Chelsea’s answer to Lewandowski was Olivier Giroud, which assumes the question must have been: “Who’s a workmanlike striker that makes Lewandowski look like a living god?”
That’s not a criticism of Giroud, but a fair reflection of Chelsea’s current status, which has been artificially inflated by the levelling out of the EPL’s top six (once Liverpool and Manchester City are removed from the equation).
As the EPL is essentially a two-team model at the moment, the rest fall back into a rather generic pool of mediocrity.
Chelsea beat Tottenham Hotspur. United beat Chelsea. And Arsenal beat United to give the illusion of a close, elite competition, when it’s more of a mishmash of average sides defeating each other in an entertaining circus of inconsistency.
They are cancelling each other out. Earlier in the season, Chelsea benefited from the stalemate among fallen giants. As United, Arsenal and Tottenham toiled, the Blues unleashed their kids to impressive effect, out-running opponents like tongue-flapping puppies.

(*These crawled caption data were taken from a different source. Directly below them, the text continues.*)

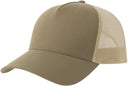 Atlantis Rapper Cotton S 5 Panel Sustainable Trucker Cap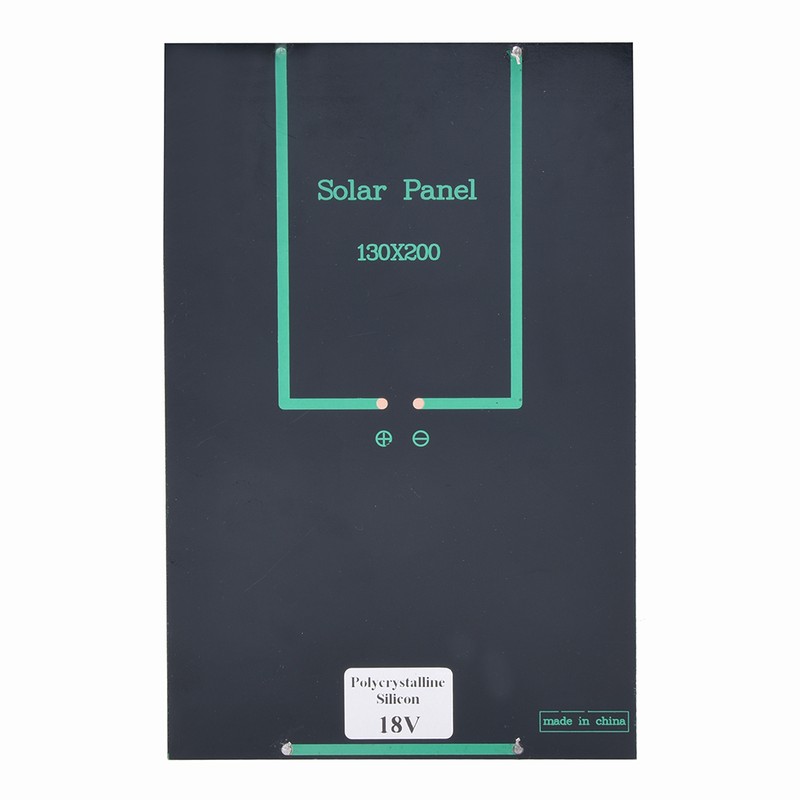 4.2W 18V Polycrystalline Silicon Solar Panel Charging Power Board High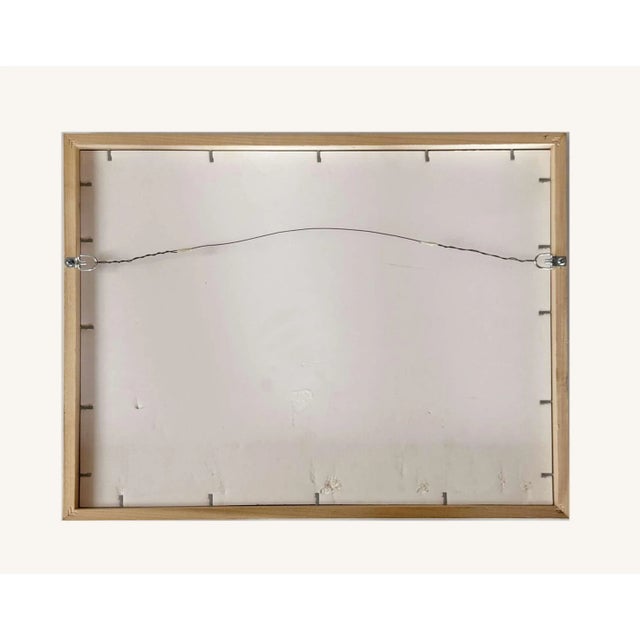 Sculpture Materials Raphael Ferrer. Vintage Mixed Media Print For Sale - Image 7 of 8
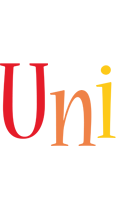 Uni birthday logo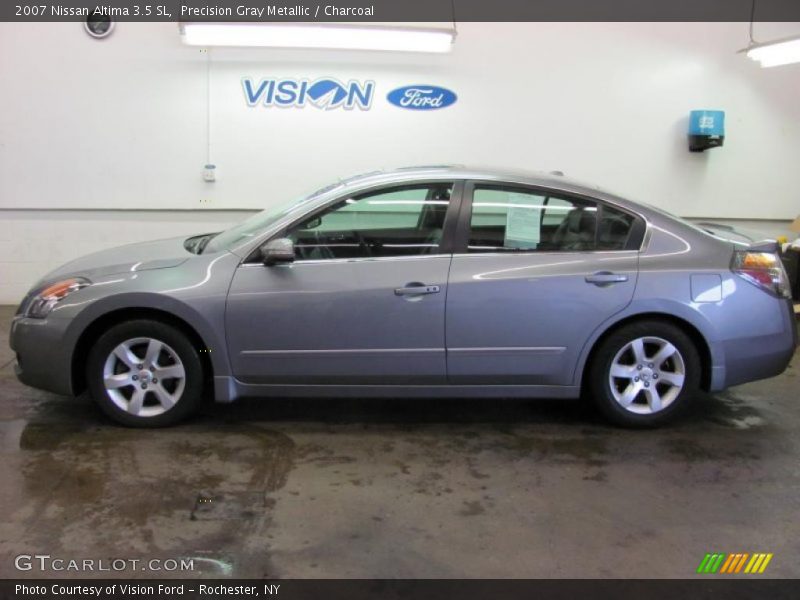 Precision Gray Metallic / Charcoal 2007 Nissan Altima 3.5 SL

But the puppies are out of puff now and Lampard is short on pit bulls. Mount, James and Abraham were committed, but outclassed against Bayern, which was hardly their fault. They missed N’Golo Kante.
Lampard’s class of 2020 are without a teacher, or even a half-decent relief teacher. Christian Pulisic and Callum Hudson- Odoi are also injured. And Ross Barkley remains a 26-year-old prodigy trying to live up to his teenage potential.
Lampard is also lumbered with an unreliable defence. Lewandowski humiliated the back three, tearing them apart as if they were pillows.
Chelsea couldn’t stop Alphonso Davies or Serge Gnabry and they won’t stop United at this rate.
The Red Devils face tougher fixtures, including Manchester City, Tottenham and Sheffield United, but the Blues appear to be running on empty.
Like Solskjaer, Lampard knows that the club legend act has a limited shelf life if performances lose their lustre. Home defeats against Bayern are understandable, but less palatable after home losses against Bournemouth, Southampton and West Ham United.
His current squad are about as far away from his 2012 Champions League winners as Solskjaer’s lot are from his 1999 Treble winners. But even then, the Red Devils are models of consistency compared to the erratic Blues.
Chelsea have won only five of their last 15 EPL games. Momentum has shifted to Manchester. As the Bayern loss demonstrated, Lampard is stuck with weary kids and an overworked template. They are too tired to press and too unreliable at the back.
There’s no Plan B until reinforcements can be signed. There’s not even a reliable goalkeeper, with Lampard unwilling to trust record-signing Kepa Arrizabalaga.
If anything, Bayern’s easy victory forces Lampard to simplify his priorities. This season’s Champions League is over. Only next season matters now.
What happens in the second leg in Munich will be far less important than what happens in the EPL in the coming weeks.
Chelsea may be higher in the table, but United have the upper hand.